Impact of infralimbic inputs on intercalated amygdala neurons: A biophysical modeling study

Department of Psychology, Cornell University, Ithaca, New York 14850, USA.
Learning & memory (Cold Spring Harbor, N.Y.) (Impact Factor: 4.38). 03/2011; 18(4):226-40. DOI: 10.1101/lm.1938011
Source: PubMed

ABSTRACT Intercalated (ITC) amygdala neurons regulate fear expression by controlling impulse traffic between the input (basolateral amygdala; BLA) and output (central nucleus; Ce) stations of the amygdala for conditioned fear responses. Previously, stimulation of the infralimbic (IL) cortex was found to reduce fear expression and the responsiveness of Ce neurons to BLA inputs. These effects were hypothesized to result from the activation of ITC cells projecting to Ce.
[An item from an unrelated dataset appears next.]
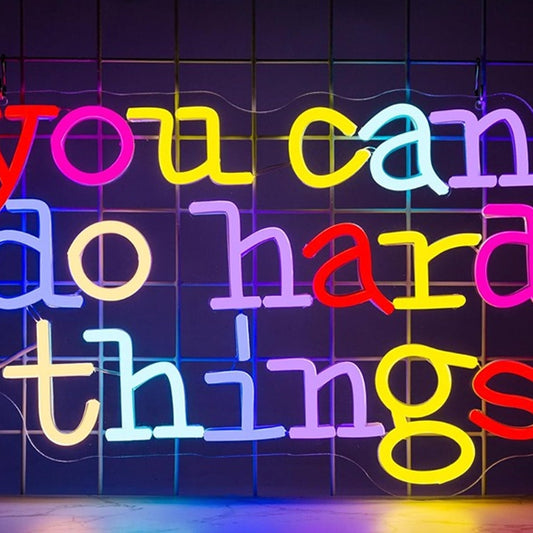 Vivid Bright Colorful “You Can Do Hard Things” LED Light Wall Motivation Decor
However, ITC cells inhibit each other, leading to the question of how IL inputs could overcome the inter-ITC inhibition to regulate the responses of Ce neurons to aversive conditioned stimuli (CSs). To investigate this, we first developed a compartmental model of a single ITC cell that could reproduce their bistable electroresponsive properties, as observed experimentally. Next, we generated an ITC network that implemented the experimentally observed short-term synaptic plasticity of inhibitory inter-ITC connections. Model experiments showed that strongly adaptive CS-related BLA inputs elicited persistent responses in ITC cells despite the presence of inhibitory interconnections. The sustained CS-evoked activity of ITC cells resulted from an unusual slowly deinactivating K(+) current. Finally, over a wide range of stimulation strengths, brief IL activation caused a marked increase in the firing rate of ITC neurons, leading to a persistent decrease in Ce output, despite inter-ITC inhibition. Simulations revealed that this effect depended on the bistable properties and synaptic heterogeneity of ITC neurons. These results support the notion that IL inputs are in a strategic position to control extinction of conditioned fear via the activation of ITC neurons.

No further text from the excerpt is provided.